A massive mixed use project in Rotterdam by MVRDV, this newly-opened building wraps vertically around an open central space but also features one of the largest works of art in the Netherlands: an incredible digital display spanning over 100,000 square feet of the interior surface area.
The closed-but-open solution is a response to new Dutch legislation requiring produce markets to be enclosed, balanced with a desire to keep an open-air feeling to the space. The resulting design with its vibrantly-colored displays makes the place seem inviting from the outside, drawing people in to visit the nearly 100 shopping stalls within. The complex is expected to have over 5 million annual visitors.
Glazed on two sides with transparent glass, apartments wraps the others sides and top of the structure, giving over 200 residents views down into the market below as well as balconies toward the outside world on the exterior skin of the structure.

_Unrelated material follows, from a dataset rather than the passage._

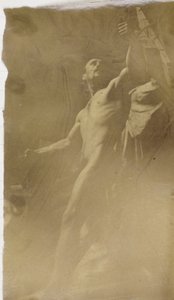 Study of a male nude model with hand in a structure, seen from below, in the studio of Jacques de Lalaing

The suspended glass panels are held in tension by thin wires, making the supports as invisible as possible while providing protection against strong winter winds.
From the firm’s press release: “The large mural which covers the vaulted interior, ‘Cornucopia’ by artists Arno Coenen and Iris Roskam has a total surface of 11.000 m² and shows oversized images of market produce which can be bought at the market, as well as flowers and insects referencing the work of Dutch still life masters from the 17th century. In order to achieve the required sharpness, the image was rendered by Pixar software. It was printed onto perforated aluminium panels, then attached to acoustic panels for noise control. The print resolution of the art work is comparable to a glossy magazine.”
More about the layout: “Markthal comprises 96 fresh food stalls and shop units, ranging from Rotterdam based businesses and market vendors to established local heroes. They will offer a diverse range of products: from fresh fish to game, from cappuccino to cheese, from Chinese to Dutch, from ice cream to local produce, from bargains to exclusive slow food. The ground and first floor accommodate 20 retail units, restaurants and cafés. All shops are food-related and include a crockery- and a wine shop. A supermarket is located on the 1st underground level allowing the shoppers to complete their shopping under one roof.”